Investor Conference Call Highlights
- The Company acquired 30.75% stake in Hashtag Loyalty Private Limited which operates an online food ordering platform – Thrive – for a consideration of Rs. 222.0 million.
- The Company, through its wholly owned subsidiary Jubilant Foodworks Netherlands B.V., further increased its equity stake in DP Eurasia N.V. to 40.29% through a combination of Reverse Book-building process and direct market purchases
- The company opened its landmark 1500th restaurant on 31st January, 2022 with total city coverage now standing at 322.
- The company from the coming quarters will report LFL( which is same store sales growth of non split stores) instead of SSSG since it believes that it is a better indicator of company’s performance & further the ratio of split stores to the overall new stores opened in the last 7 quarters is 46%.
- The management states that it is looking to carve out areas of existing other stores and open up new stores which will add pressure on mother store revenues and mother store growth in the short term as these new stores play out And, these splits, are done to reduce the delivery times and ensure that it gets closer to its ambition of delivering 20 minutes across the country
- The management states that the company’s fortressing strategy is allowing it to shrink delivery areas and reduce drive times as a result of which a significant proportion of delivery orders are now getting delivered in under 20 minutes.
- This faster delivery has directly translated into a significant increase in our customer satisfaction or NPS numbers.
- The management states that the entire India menu for Popeyes has no MSG and the chicken is antibiotics free.
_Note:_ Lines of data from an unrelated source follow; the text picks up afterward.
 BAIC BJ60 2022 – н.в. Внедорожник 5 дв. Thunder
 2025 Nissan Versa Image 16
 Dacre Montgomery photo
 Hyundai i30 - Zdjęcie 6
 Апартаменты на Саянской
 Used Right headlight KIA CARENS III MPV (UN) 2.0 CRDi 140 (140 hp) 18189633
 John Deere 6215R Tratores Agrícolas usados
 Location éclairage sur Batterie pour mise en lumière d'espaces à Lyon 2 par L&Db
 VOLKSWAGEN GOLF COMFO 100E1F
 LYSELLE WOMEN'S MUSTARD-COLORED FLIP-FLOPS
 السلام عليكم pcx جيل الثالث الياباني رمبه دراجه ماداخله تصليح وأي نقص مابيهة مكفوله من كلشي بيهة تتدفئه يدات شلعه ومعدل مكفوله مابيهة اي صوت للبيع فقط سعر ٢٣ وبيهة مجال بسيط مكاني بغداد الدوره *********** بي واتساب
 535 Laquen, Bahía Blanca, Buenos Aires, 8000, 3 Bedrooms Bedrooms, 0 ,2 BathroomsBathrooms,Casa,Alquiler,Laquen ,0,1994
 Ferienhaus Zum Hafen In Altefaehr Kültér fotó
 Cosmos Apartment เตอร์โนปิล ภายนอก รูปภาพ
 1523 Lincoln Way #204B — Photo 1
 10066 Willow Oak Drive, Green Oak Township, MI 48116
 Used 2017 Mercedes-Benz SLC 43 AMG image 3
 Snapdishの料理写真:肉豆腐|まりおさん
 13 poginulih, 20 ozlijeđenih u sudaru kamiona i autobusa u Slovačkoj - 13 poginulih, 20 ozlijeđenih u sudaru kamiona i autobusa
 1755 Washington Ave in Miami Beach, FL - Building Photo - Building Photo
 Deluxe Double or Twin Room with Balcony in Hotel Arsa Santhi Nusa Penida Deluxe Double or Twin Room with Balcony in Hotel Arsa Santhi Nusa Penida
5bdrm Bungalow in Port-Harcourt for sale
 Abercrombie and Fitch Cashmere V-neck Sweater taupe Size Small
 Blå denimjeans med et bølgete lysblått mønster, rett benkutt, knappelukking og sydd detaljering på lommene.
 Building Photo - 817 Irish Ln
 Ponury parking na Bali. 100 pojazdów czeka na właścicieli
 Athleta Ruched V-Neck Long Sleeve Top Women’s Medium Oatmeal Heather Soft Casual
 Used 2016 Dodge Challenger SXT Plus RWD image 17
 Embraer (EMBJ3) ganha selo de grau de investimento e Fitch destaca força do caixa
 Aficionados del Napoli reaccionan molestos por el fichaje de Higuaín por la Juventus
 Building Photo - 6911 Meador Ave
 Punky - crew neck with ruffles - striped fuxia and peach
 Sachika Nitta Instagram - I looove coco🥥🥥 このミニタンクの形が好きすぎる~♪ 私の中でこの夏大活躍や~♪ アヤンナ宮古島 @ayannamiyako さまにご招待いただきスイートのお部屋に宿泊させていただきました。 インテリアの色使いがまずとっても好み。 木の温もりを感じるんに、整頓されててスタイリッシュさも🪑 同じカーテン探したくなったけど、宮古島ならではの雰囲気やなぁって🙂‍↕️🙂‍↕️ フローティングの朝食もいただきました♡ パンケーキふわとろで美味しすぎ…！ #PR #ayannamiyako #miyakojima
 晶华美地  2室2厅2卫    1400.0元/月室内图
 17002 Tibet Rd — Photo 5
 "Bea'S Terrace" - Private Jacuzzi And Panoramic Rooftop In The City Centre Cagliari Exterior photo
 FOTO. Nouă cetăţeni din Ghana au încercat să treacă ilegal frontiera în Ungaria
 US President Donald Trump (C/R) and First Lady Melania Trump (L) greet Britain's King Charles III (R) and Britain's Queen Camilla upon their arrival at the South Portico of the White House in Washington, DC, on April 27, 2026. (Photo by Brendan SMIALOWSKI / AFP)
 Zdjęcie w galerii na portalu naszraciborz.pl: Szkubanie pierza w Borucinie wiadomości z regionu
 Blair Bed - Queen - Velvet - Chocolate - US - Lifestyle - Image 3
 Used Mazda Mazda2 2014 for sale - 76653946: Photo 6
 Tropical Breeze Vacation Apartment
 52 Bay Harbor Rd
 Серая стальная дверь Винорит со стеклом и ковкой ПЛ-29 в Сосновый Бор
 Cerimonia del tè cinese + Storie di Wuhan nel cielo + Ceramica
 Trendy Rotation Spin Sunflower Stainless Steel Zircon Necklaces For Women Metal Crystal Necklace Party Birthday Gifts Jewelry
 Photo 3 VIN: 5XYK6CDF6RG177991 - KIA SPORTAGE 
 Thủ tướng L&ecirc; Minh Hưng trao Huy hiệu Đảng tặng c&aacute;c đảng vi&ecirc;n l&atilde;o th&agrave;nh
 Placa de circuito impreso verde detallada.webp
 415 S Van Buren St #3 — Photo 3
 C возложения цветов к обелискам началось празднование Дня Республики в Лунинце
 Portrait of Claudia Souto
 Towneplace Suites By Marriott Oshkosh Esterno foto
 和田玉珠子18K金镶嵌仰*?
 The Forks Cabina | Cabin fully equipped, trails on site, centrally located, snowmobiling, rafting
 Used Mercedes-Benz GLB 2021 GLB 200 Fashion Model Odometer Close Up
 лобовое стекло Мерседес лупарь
Further Popeyes has built its own in-house delivery fleet, with 100% of use of e-bikes enabling a zero-emission delivery experience
- The management stated that Hong’s Kitchen has become one of the largest Chinese peers of QSR chains in the Delhi-NCR region.
- The company closed 15 Dominos outlets in Q3.
- The company saw relatively lower recovery in the current quarter due to various stores related restrictions like night curfew, 5% lower operational hours, dine-in being capped at 50%.
- The company considers any store that is in the delivery area of a mother store and takes away orders and revenue as a split store.
- The company was guiding to deliver 150 stores in the current FY however since it has already opened 150 stores by Q3 itself, so it plans to end the year with close to 200 store additions.
Analyst’s View
Jubilant Foodworks is the largest QSR player in India with the master franchise of Dominos. It also holds the licenses for Dunkin DOnuts and Popeye’s Chicken. The company has seen impressive recovery post the pandemic and has seen 9M revenues rise 39% YoY. It has also completed 1500 stores in India and has seen the most stores opened in a quarter ever in Q3. The company continues to focus on superior delivery times and shrinking operating areas to be able to deliver within 20 mins. The management is also very optimistic on the future of the Popeye’s franchise in India and is building a custom delivery network for this brand. It remains to be seen what issues will the company face in expanding Popeye’s and whether they will be able to compete in terms of delivery times with the other food delivery majors like Swiggy and Zomato. Nonetheless, given the strong market position of the company, the future potential of the QSR sector and the introduction of Popeye’s in India, Jubilant Foodworks is a pivotal QSR and food services stock to watch out for.